== WHAT YOU NEED TO DO ==
Pictures are to be omitted; everything else in the data must be transcribed exactly.

== DATASET EXTRACT ==

····················

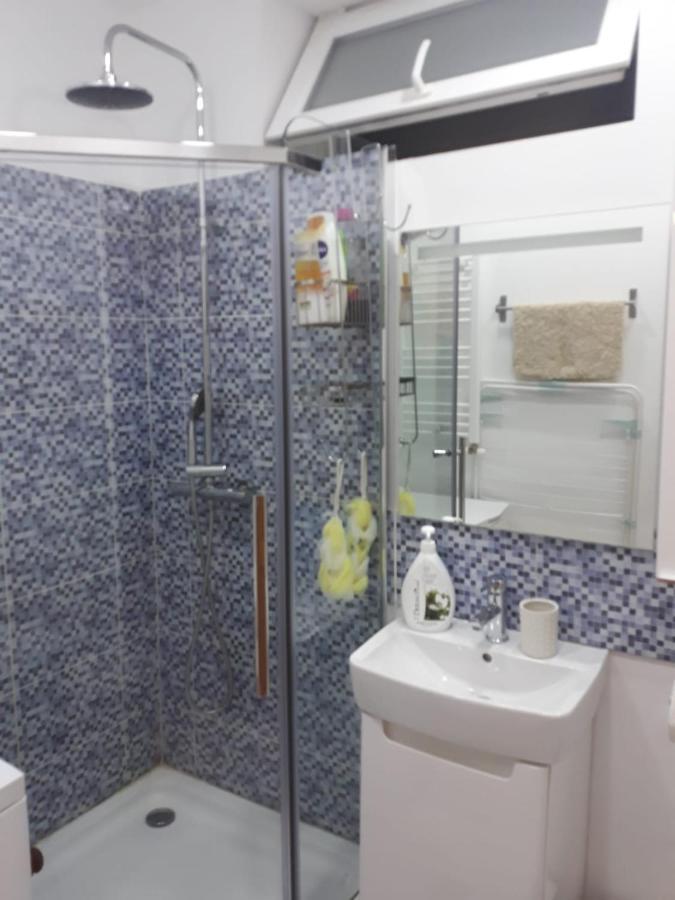 Nice Studio In Old Town 부쿠레슈티 외부 사진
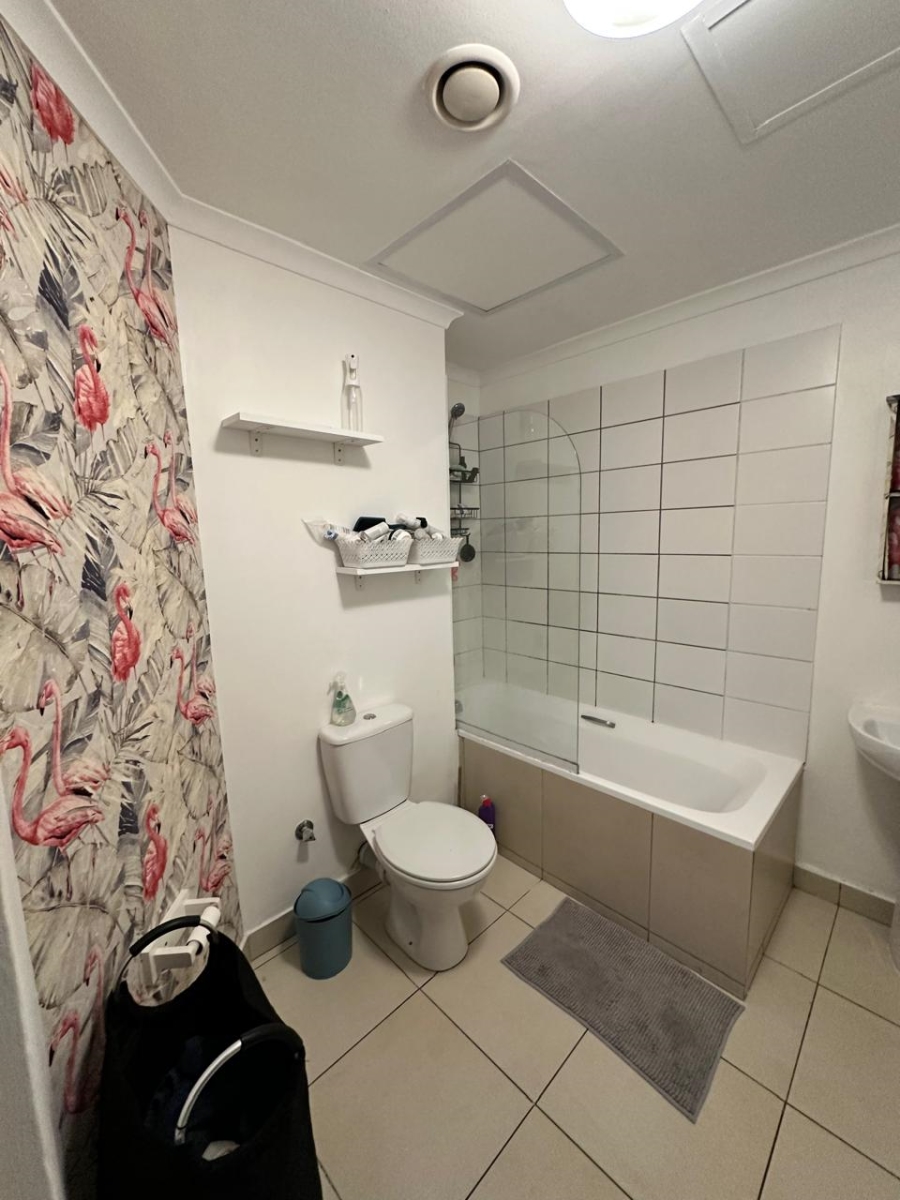 To Let 1 Bedroom Property for Rent in Woodstock Western Cape
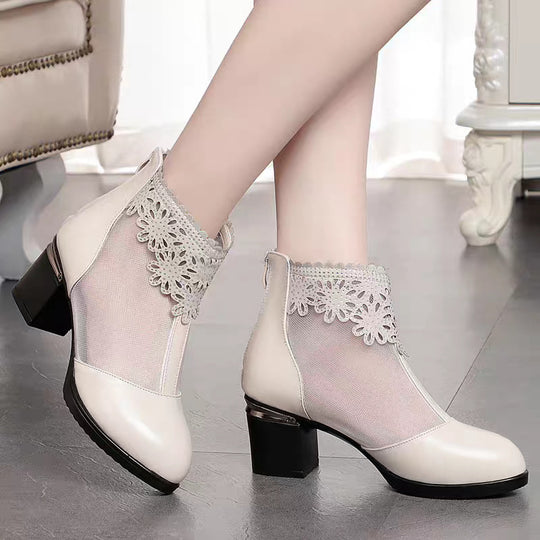 Damen Stiefeletten mit transparentem Mesh-Einsatz und funkelndem Schmuckdetail R&B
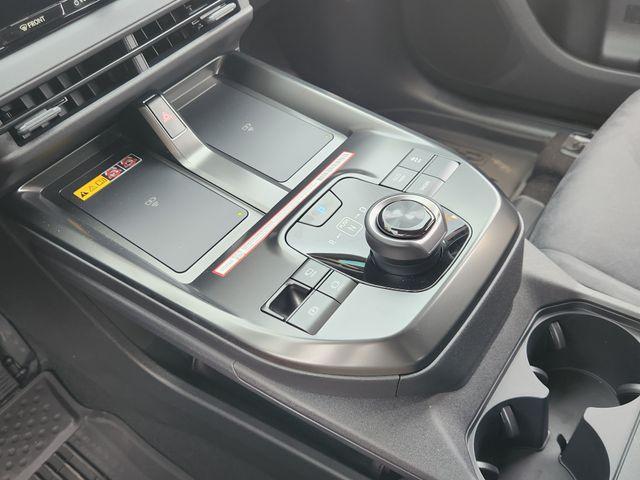 صورة مصغرة 15 لـ 2026 Toyota C-HR XSE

····················

== RESPONSE AREA ==
 Nice Studio In Old Town 부쿠레슈티 외부 사진
 To Let 1 Bedroom Property for Rent in Woodstock Western Cape
 Damen Stiefeletten mit transparentem Mesh-Einsatz und funkelndem Schmuckdetail R&B
 صورة مصغرة 15 لـ 2026 Toyota C-HR XSE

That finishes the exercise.